[[ Provided information open ]]

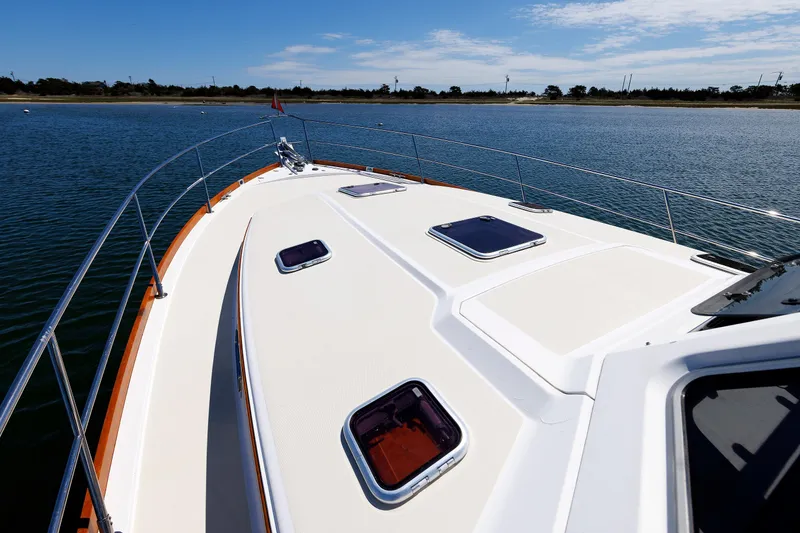 Slide: The Image of 2004 Sabre 42 Express yacht deck on calm water under clear sky. - 24
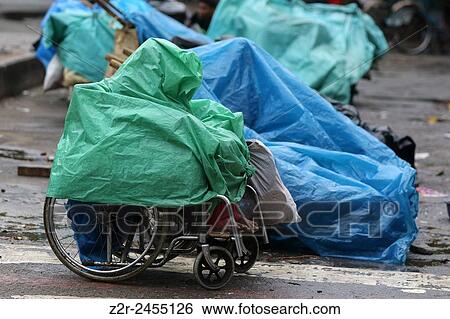 Dhaka 11 June 11, 2015. A beggar taking shelter from the rain in front of Dhaka High Court. Photo by Palash Khan. View Large Photo Image Stock Photograph - Dhaka 11 June 11, 2015. A beggar taking shelter from the rain in front of Dhaka High Court. Photo by Palash Khan.. Fotosearch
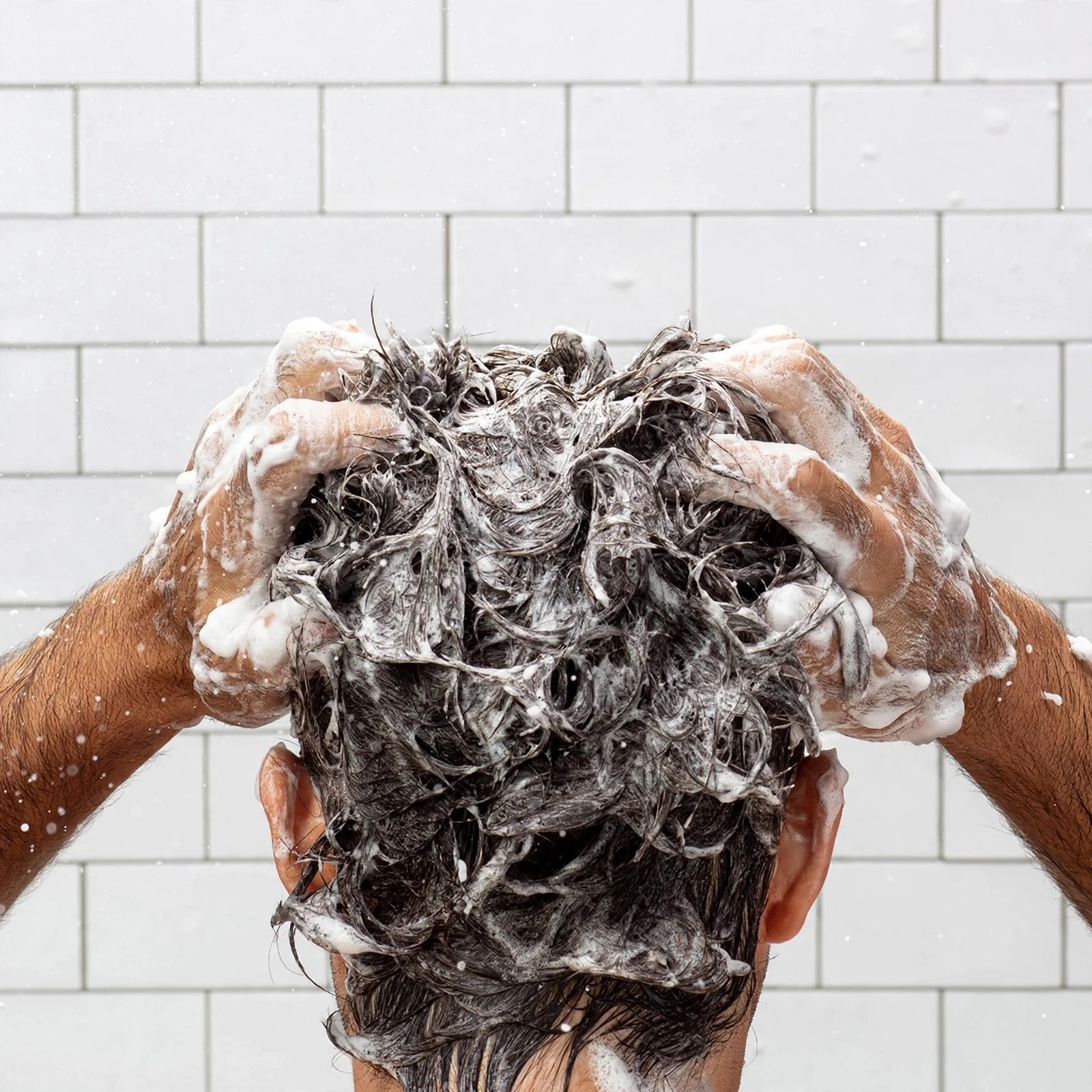 Hands massaging foamy lather into wet hair in shower.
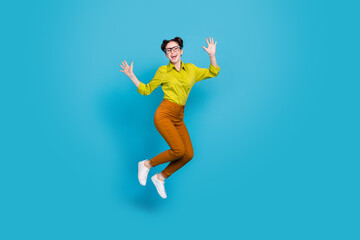 Fototapeta na wymiar Full length photo of crazy cheerful person jumping raise arms isolated on blue color background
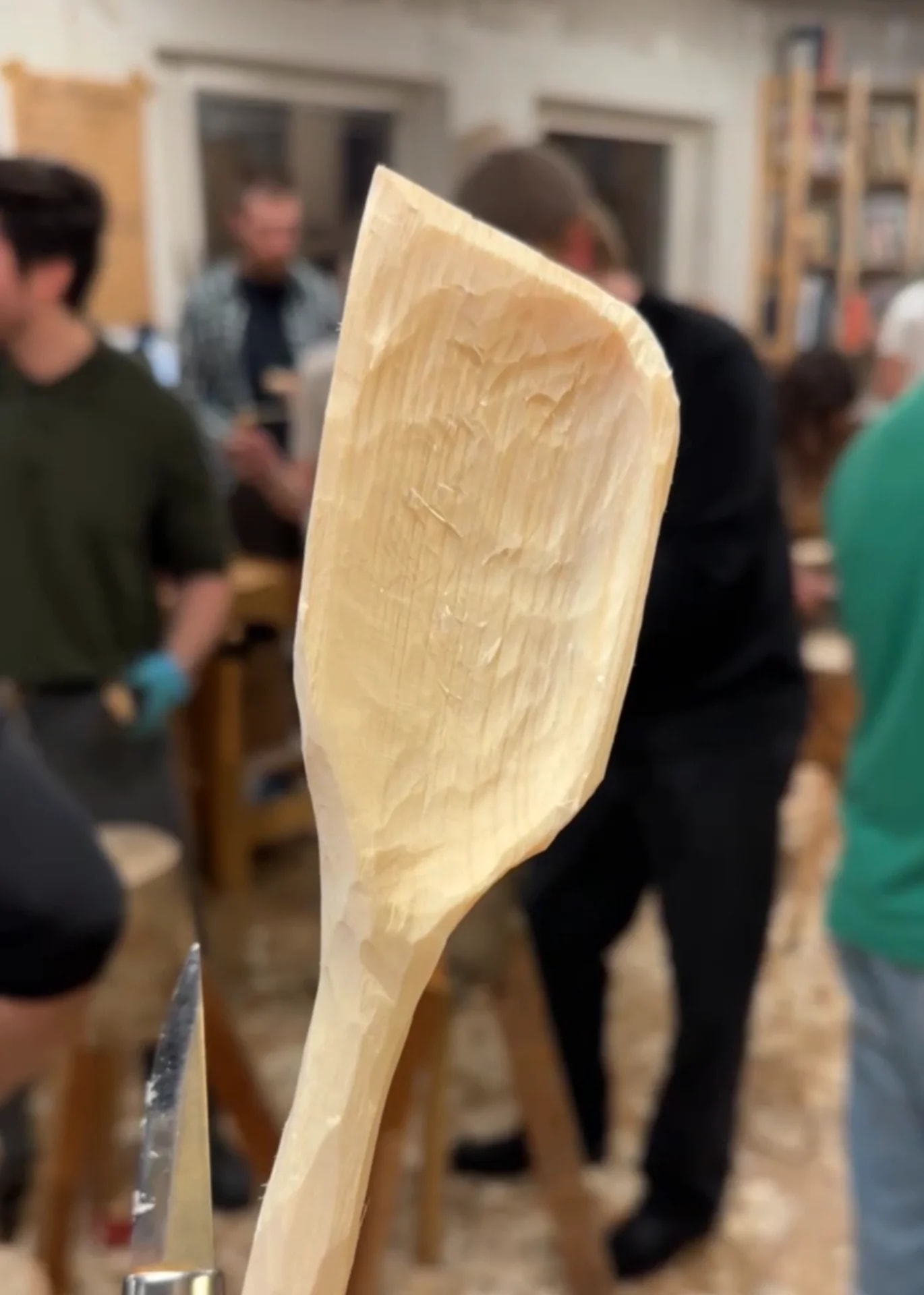 Hand-carved wooden spatula at a woodworking workshop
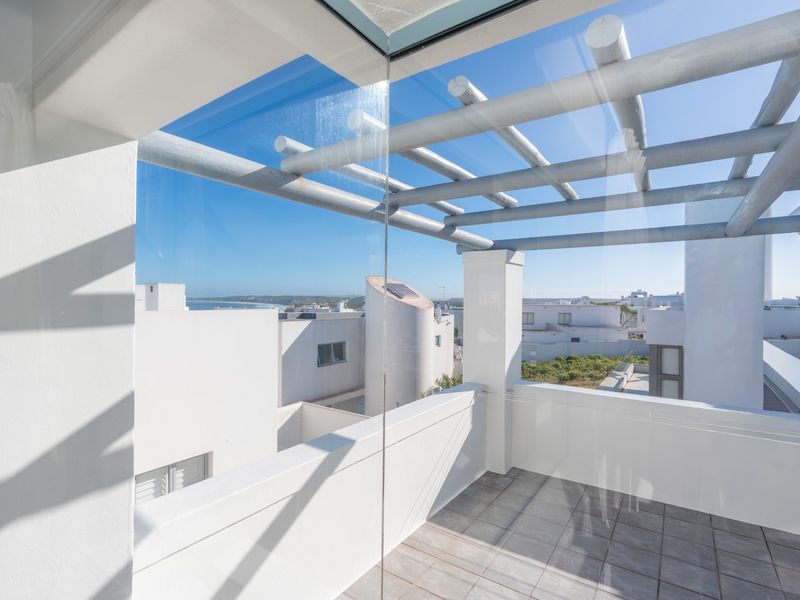 A modern, well-maintained balcony featuring a pergola structure, tiled flooring, and clear glass balustrades with views of the surrounding area.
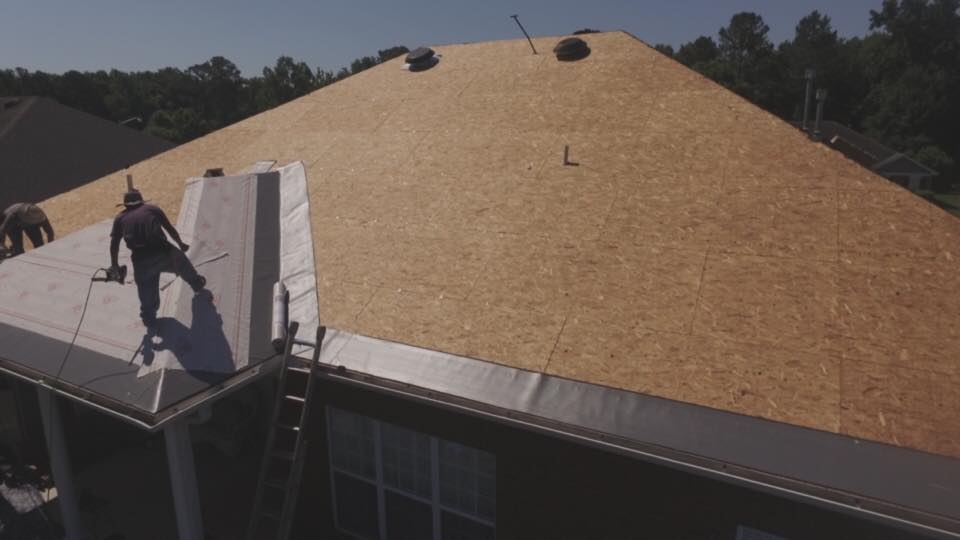 A man is working on the roof of a house.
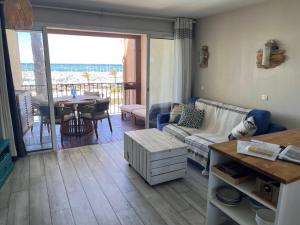 a living room with a couch and a table at Blue Lagoon in Six-Fours-les-Plages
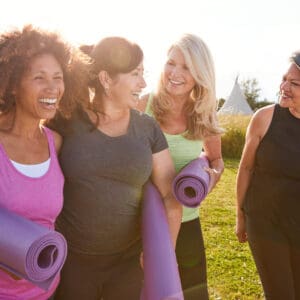 Group of middle-aged women outdoors holding yoga mats and smiling together before or after exercise.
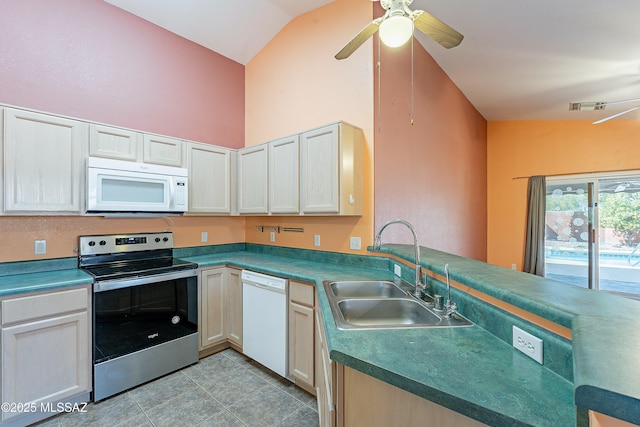 kitchen with light tile patterned floors, a peninsula, white appliances, a sink, and a ceiling fan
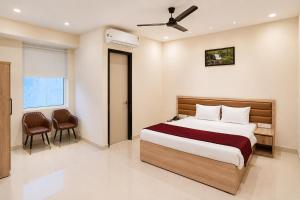 a bedroom with a bed and a table and chairs at Hotel 33 Inn in Kānpur +18 photos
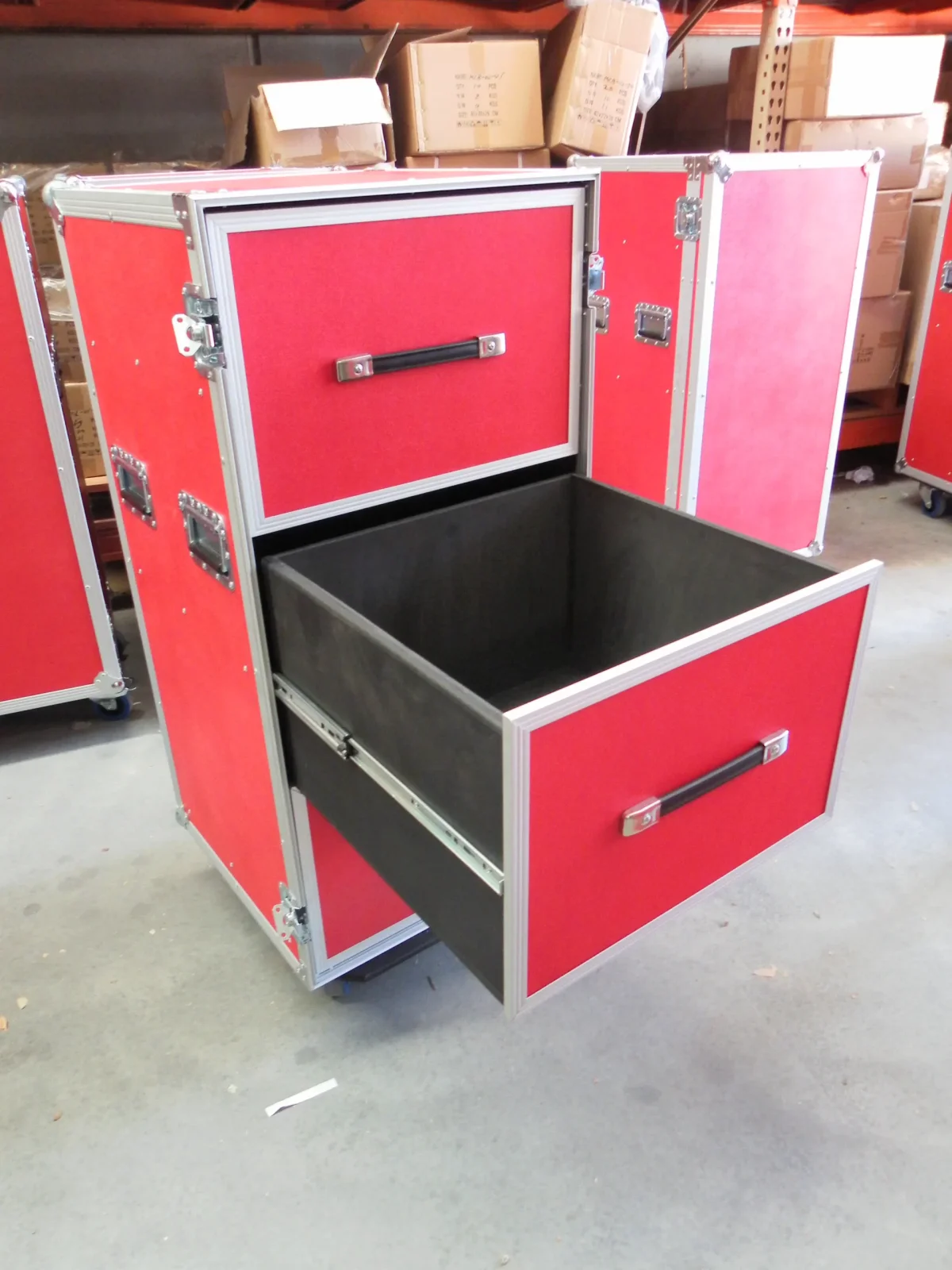 Red road case with the deep lower drawer extended, showing the lined interior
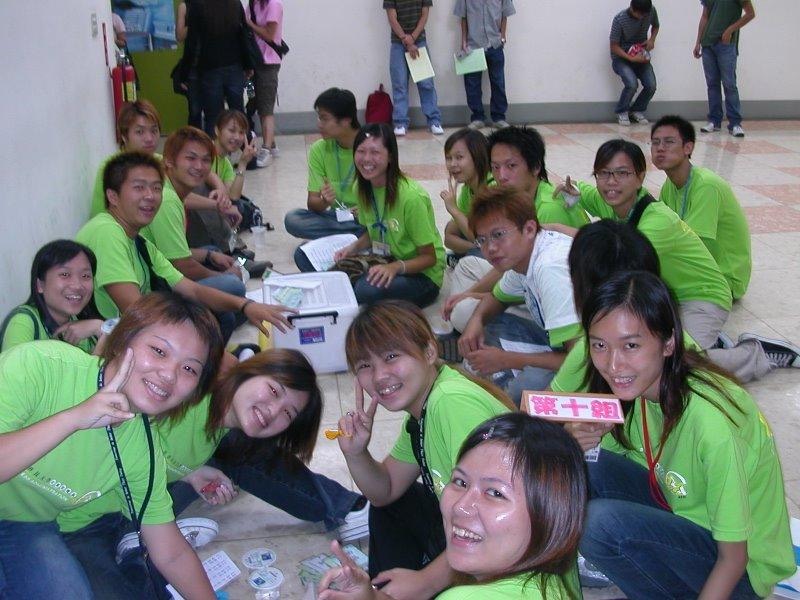 十多名穿著綠色統一營隊T恤的年輕男女在室內大廳席地而坐合影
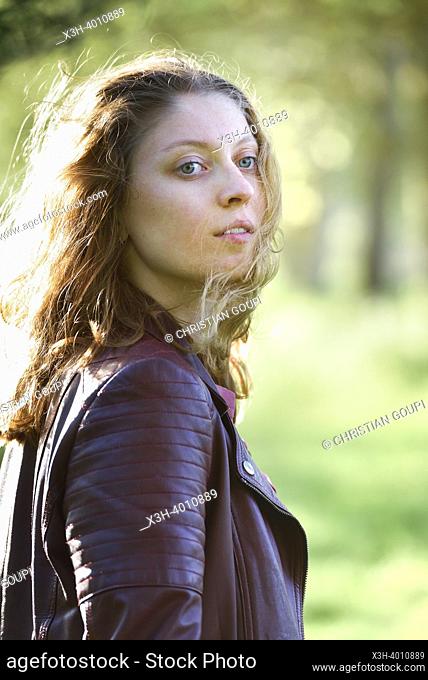 Jeune femme portant un blouson de cuir, de profil. Departement d'Eure-et-Loir, region Centre-Val-de-Loire, France, Europe / Young woman wearing a leather jacket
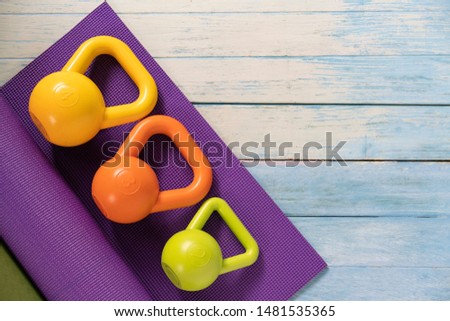 Kettlebell and yoga mat on table, fitness healthy and sport concept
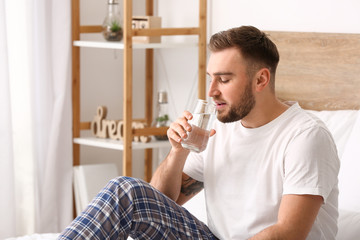 Morning of young man drinking water in bedroom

[[ Provided information closed ]]

▸ Task details
Write out the whole listing exactly. Do not include the pictures.

▸ Exercise answer
 Slide: The Image of 2004 Sabre 42 Express yacht deck on calm water under clear sky. - 24
 Dhaka 11 June 11, 2015. A beggar taking shelter from the rain in front of Dhaka High Court. Photo by Palash Khan. View Large Photo Image Stock Photograph - Dhaka 11 June 11, 2015. A beggar taking shelter from the rain in front of Dhaka High Court. Photo by Palash Khan.. Fotosearch
 Hands massaging foamy lather into wet hair in shower.
 Fototapeta na wymiar Full length photo of crazy cheerful person jumping raise arms isolated on blue color background
 Hand-carved wooden spatula at a woodworking workshop
 A modern, well-maintained balcony featuring a pergola structure, tiled flooring, and clear glass balustrades with views of the surrounding area.
 A man is working on the roof of a house.
 a living room with a couch and a table at Blue Lagoon in Six-Fours-les-Plages
 Group of middle-aged women outdoors holding yoga mats and smiling together before or after exercise.
 kitchen with light tile patterned floors, a peninsula, white appliances, a sink, and a ceiling fan
 a bedroom with a bed and a table and chairs at Hotel 33 Inn in Kānpur +18 photos
 Red road case with the deep lower drawer extended, showing the lined interior
 十多名穿著綠色統一營隊T恤的年輕男女在室內大廳席地而坐合影
 Jeune femme portant un blouson de cuir, de profil. Departement d'Eure-et-Loir, region Centre-Val-de-Loire, France, Europe / Young woman wearing a leather jacket
 Kettlebell and yoga mat on table, fitness healthy and sport concept
 Morning of young man drinking water in bedroom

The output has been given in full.